Models of fluidized granular materials: examples of non-equilibrium stationary states

TL;DR

This paper reviews models of fluidized granular materials under various external forces, highlighting their non-equilibrium stationary states, density correlations, and the role of granular temperature in these systems.

Contribution

It provides a comparative overview of different models of granular materials under external forcing, emphasizing the significance of granular temperature in non-equilibrium stationary states.

Findings

Granular temperature differs from the bath temperature in driven systems.

Mixed granular materials can have different stationary temperatures.

Granular temperature influences escape times in potential wells.

Abstract

We review some models of granular materials fluidized by means of external forces such as: random homogeneous forcing with damping, vibrating plates, flow in an inclined channel and flow in a double well potential.
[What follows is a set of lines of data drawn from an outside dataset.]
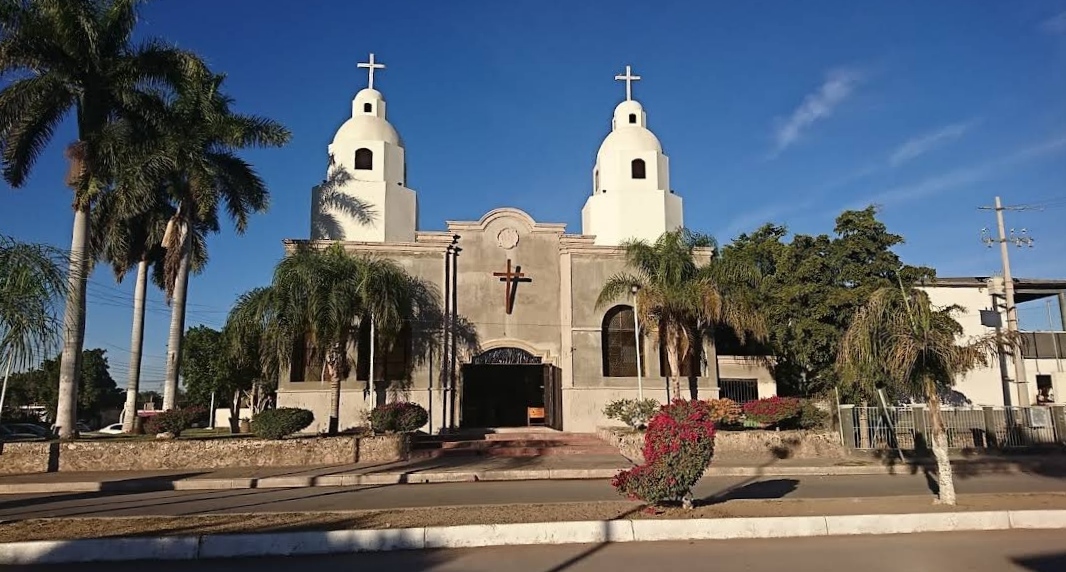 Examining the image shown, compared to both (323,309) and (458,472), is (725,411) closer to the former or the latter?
(458,472)

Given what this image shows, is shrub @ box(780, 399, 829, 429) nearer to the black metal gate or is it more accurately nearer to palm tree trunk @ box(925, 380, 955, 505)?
the black metal gate

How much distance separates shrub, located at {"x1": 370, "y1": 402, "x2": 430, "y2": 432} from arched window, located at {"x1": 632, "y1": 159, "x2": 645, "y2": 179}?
563 inches

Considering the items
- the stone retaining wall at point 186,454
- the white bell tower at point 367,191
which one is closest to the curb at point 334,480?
the stone retaining wall at point 186,454

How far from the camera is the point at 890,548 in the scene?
8500 mm

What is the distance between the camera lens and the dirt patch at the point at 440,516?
30.1ft

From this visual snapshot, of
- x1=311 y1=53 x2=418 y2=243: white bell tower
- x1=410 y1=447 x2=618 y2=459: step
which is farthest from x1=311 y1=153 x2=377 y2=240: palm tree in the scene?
x1=410 y1=447 x2=618 y2=459: step

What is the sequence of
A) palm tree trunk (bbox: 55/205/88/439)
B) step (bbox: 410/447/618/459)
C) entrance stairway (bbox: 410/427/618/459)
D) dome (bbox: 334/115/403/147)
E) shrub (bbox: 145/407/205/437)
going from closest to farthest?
palm tree trunk (bbox: 55/205/88/439), shrub (bbox: 145/407/205/437), step (bbox: 410/447/618/459), entrance stairway (bbox: 410/427/618/459), dome (bbox: 334/115/403/147)

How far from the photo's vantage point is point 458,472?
52.4 ft

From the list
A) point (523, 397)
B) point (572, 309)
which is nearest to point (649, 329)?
point (572, 309)

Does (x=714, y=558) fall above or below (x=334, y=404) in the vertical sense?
below

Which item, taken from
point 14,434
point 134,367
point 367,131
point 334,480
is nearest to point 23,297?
point 334,480

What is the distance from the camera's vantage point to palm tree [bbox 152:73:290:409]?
827 inches

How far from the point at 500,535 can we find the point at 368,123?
22.4 metres

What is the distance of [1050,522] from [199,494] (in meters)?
14.0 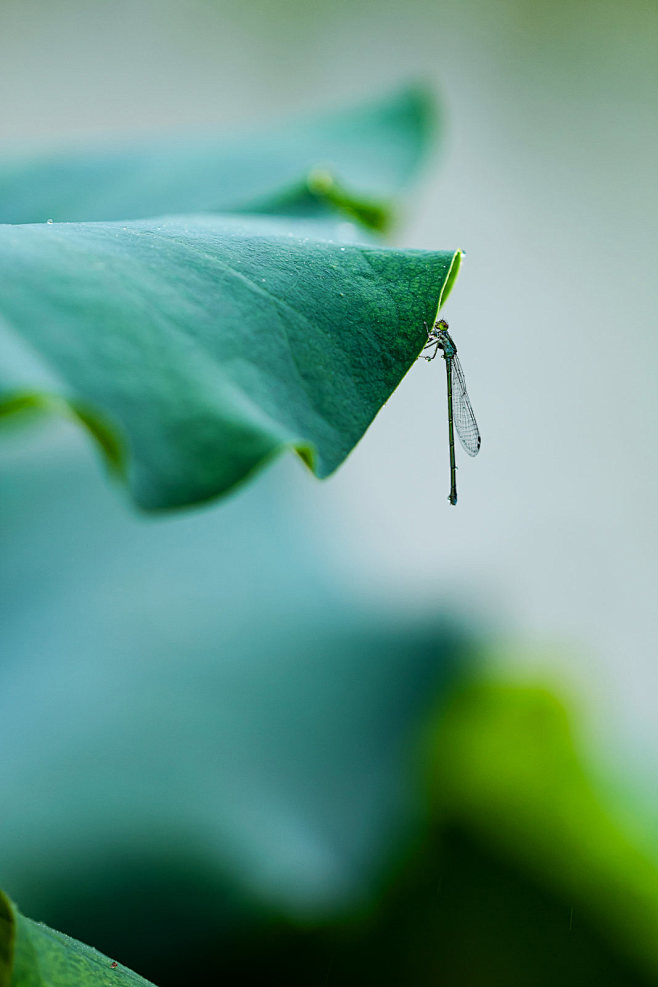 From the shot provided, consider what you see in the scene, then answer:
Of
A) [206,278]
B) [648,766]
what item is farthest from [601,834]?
[206,278]

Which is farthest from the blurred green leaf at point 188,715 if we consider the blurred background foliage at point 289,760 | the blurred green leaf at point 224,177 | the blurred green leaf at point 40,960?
the blurred green leaf at point 40,960

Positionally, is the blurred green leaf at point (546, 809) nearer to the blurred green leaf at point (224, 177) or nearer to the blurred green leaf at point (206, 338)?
the blurred green leaf at point (224, 177)

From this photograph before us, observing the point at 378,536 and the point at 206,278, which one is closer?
the point at 206,278

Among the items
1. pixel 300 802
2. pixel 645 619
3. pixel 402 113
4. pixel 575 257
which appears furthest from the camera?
pixel 575 257

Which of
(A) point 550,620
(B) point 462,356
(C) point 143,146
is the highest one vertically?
(C) point 143,146

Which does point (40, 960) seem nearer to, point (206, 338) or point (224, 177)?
point (206, 338)

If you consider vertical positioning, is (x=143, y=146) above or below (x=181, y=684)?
above

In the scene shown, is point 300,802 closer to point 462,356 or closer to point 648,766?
point 648,766

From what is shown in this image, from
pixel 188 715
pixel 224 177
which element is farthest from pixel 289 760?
pixel 224 177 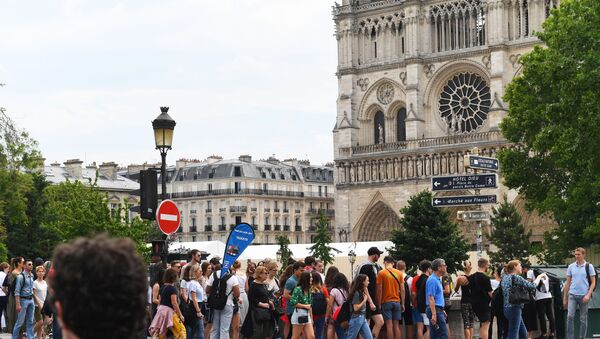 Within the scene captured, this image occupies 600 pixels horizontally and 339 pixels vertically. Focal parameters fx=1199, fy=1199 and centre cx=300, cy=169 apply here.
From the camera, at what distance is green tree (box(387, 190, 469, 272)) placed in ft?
167

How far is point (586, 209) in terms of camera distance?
3388cm

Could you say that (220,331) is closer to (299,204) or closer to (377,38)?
(377,38)

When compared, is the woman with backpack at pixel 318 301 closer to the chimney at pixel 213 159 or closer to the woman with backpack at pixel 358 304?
the woman with backpack at pixel 358 304

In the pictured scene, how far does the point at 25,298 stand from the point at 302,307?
16.1 feet

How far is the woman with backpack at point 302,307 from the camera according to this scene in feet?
49.5

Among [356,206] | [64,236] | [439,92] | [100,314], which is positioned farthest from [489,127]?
[100,314]

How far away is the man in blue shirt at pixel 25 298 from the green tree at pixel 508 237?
36507 mm

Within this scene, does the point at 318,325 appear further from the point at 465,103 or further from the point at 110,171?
the point at 110,171

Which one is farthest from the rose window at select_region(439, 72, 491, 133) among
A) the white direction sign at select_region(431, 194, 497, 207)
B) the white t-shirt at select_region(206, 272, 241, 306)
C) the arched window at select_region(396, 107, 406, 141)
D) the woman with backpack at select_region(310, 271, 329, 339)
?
the white t-shirt at select_region(206, 272, 241, 306)

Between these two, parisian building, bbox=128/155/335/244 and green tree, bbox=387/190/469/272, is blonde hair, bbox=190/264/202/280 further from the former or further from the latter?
parisian building, bbox=128/155/335/244

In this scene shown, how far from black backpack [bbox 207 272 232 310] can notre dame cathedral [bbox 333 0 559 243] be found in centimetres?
4614

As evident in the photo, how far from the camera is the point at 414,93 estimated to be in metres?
65.2

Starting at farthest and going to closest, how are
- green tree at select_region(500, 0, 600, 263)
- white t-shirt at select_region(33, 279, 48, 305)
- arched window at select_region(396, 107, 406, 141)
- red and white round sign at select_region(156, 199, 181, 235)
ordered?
1. arched window at select_region(396, 107, 406, 141)
2. green tree at select_region(500, 0, 600, 263)
3. white t-shirt at select_region(33, 279, 48, 305)
4. red and white round sign at select_region(156, 199, 181, 235)

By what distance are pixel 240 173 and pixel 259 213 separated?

All these systems show the presence of density correlations and non-Gaussian velocity distributions. These models are useful to understand the role of a kinetically defined ``temperature'' (in this case the so-called {\em granular temperature}) in a non-equilibrium stationary state. In the homogeneously randomly driven gas the granular temperature is {\em different} from that of the driving bath. Moreover two different granular materials mixed together may stay in a stationary state with different temperatures. At the same time, granular temperature determines (as in equilibrium systems) the escape time from a well in a double well potential.